More than thirty years later, Aiuppa needed help with an electrical issue at his house. A friend from his trapshooting club was an electrician and came over to help. Aiuppa showed the antlers to his friend, who “went bonkers.” Rough measurements were made, and the cat was officially out of the bag.
A few years after Aiuppa killed that giant Illinois buck, James Martin was just starting his landscaping business in New York. The business grew, allowing Martin to pursue other interests, such as whitetail antlers. Through the antler grapevine, Martin heard about the antlers and followed up.

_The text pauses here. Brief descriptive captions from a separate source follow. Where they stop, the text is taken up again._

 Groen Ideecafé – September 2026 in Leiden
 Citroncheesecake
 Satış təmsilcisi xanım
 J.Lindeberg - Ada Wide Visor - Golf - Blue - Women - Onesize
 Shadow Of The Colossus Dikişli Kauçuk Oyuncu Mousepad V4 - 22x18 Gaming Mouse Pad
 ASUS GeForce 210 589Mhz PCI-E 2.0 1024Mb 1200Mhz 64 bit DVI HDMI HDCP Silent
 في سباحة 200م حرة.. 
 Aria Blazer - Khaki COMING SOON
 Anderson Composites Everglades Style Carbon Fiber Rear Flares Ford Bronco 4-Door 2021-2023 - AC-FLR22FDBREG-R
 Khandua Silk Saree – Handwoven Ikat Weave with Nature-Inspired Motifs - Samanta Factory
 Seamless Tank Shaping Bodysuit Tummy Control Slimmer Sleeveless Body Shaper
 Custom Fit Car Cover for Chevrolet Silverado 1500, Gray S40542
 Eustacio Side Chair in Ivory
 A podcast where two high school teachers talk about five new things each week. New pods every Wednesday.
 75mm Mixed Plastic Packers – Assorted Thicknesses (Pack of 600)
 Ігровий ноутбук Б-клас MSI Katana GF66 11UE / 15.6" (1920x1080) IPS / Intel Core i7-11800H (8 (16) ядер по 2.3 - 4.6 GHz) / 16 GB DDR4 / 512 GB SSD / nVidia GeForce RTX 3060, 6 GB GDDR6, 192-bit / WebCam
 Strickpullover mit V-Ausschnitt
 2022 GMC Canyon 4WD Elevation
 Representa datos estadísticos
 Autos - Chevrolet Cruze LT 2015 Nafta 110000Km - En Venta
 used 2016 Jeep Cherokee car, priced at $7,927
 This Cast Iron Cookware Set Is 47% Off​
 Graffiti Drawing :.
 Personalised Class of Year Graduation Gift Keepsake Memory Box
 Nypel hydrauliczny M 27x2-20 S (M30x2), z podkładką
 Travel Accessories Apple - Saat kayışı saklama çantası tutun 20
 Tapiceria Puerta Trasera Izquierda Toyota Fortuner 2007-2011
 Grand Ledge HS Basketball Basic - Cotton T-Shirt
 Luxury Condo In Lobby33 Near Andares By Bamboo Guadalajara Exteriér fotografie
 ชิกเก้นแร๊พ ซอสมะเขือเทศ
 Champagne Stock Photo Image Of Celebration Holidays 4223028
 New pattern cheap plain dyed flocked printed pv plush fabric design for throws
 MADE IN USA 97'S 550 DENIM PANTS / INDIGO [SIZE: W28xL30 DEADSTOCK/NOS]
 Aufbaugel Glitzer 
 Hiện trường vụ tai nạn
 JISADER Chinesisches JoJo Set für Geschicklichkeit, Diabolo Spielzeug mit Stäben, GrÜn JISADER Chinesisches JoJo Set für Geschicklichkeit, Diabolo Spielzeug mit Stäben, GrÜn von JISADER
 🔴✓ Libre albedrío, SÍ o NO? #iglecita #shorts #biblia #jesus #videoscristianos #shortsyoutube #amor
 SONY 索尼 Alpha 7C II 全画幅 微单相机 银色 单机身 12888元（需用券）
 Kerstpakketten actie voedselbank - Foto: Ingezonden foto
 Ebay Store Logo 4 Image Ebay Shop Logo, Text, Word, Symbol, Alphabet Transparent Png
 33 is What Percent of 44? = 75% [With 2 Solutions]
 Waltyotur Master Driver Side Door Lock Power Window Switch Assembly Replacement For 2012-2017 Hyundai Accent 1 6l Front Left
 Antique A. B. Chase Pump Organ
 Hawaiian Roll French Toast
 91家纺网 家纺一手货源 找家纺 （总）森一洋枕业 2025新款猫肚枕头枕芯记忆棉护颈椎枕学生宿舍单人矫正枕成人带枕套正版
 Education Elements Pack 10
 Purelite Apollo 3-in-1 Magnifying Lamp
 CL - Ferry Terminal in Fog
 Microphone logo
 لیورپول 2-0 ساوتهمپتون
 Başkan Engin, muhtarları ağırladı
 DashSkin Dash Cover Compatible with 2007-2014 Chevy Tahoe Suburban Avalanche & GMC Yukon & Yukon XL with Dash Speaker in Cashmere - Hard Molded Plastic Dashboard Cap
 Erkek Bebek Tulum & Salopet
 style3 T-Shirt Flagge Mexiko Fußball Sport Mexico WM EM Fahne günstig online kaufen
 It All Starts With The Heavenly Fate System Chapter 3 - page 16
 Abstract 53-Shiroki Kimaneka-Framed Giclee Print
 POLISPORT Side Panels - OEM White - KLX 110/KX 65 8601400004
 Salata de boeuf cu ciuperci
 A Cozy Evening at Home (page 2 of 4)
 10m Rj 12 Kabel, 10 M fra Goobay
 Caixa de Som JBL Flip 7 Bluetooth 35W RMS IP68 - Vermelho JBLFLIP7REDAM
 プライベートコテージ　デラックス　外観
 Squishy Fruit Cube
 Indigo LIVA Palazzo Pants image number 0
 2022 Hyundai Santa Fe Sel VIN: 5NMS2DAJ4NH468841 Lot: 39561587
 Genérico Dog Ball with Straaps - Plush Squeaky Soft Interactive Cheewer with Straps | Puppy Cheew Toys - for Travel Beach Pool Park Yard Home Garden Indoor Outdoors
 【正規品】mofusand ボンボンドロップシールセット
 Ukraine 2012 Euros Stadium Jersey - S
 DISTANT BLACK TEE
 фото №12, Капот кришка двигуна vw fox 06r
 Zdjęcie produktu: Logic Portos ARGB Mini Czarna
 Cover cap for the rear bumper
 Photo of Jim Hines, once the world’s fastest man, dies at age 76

After speaking with Aiuppa on the phone, Martin drove more than 600 miles from his home near Rochester, New York, to see Aiuppa’s deer himself. At 84, Aiuppa is “old school Italian,” Martin said. The two men chatted. Aiuppa told him of the hunt and why the deer stayed submerged in his basement for so long. “He’s just really into birds and not antlers,” said Martin. “I was thinking the deer might net 205, but when I saw it on the dining room table, I thought it would go higher.” Martin bought the antlers.
“I told my wife, who is very patient with this hobby, that this is the best deer I’ll ever put in this collection,” Martin said only half-joking. “Why is it tremendous? For one, it’s been missing for three decades. Then there are the sheds that another collector has from this deer. Once the picture of the rack came out, anyone who knew the sheds, knew what the deer was. If the sheds didn’t exist and it just popped up out of nowhere from 30 years ago, that would have been weird.”
The sheds of this buck were picked up in the 1990s, presumably while the buck was still alive. A farmer found one of them and tacked it to the side of his barn until a delivery driver offered him cash for it. According to Buckmasters, that shed scored 98-6/8 inches. The following year, James Albring found its last pair of sheds, which scored 95-0/8 (left) and 104-6/8, according to the North American Shed Hunter’s Club.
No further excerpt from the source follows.